Improving Compositionality of Neural Networks by Decoding Representations to Inputs
This work addresses the problem of improving the interpretability and functionality of deep learning programs for researchers and practitioners, though it is a modest first step and incremental in nature.
The authors tackled the lack of compositionality in neural networks by introducing Decodable Neural Networks (DecNN), which jointly train a generative model to decode activations back to inputs, enabling applications like out-of-distribution detection and adversarial example detection while matching standard networks in accuracy.
In traditional software programs, it is easy to trace program logic from variables back to input, apply assertion statements to block erroneous behavior, and compose programs together. Although deep learning programs have demonstrated strong performance on novel applications, they sacrifice many of the functionalities of traditional software programs.

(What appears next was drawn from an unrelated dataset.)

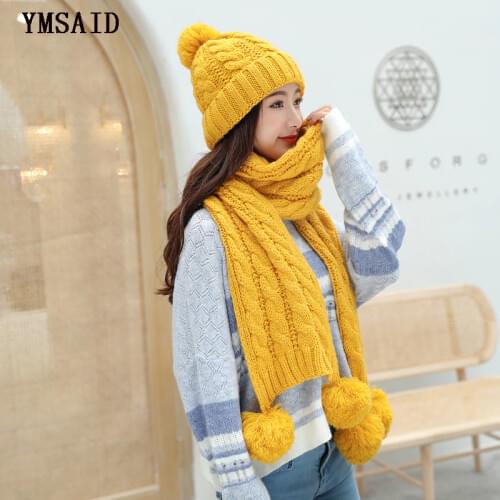 Ymsaid Womens Winter Hat Scarf Set Wool Knitted Hat Female Fur Pompom Hats For Women Lady Bonnet Thick Warm Ski Cap Collar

With this as motivation, we take a modest first step towards improving deep learning programs by jointly training a generative model to constrain neural network activations to "decode" back to inputs. We call this design a Decodable Neural Network, or DecNN. Doing so enables a form of compositionality in neural networks, where one can recursively compose DecNN with itself to create an ensemble-like model with uncertainty. In our experiments, we demonstrate applications of this uncertainty to out-of-distribution detection, adversarial example detection, and calibration -- while matching standard neural networks in accuracy. We further explore this compositionality by combining DecNN with pretrained models, where we show promising results that neural networks can be regularized from using protected features.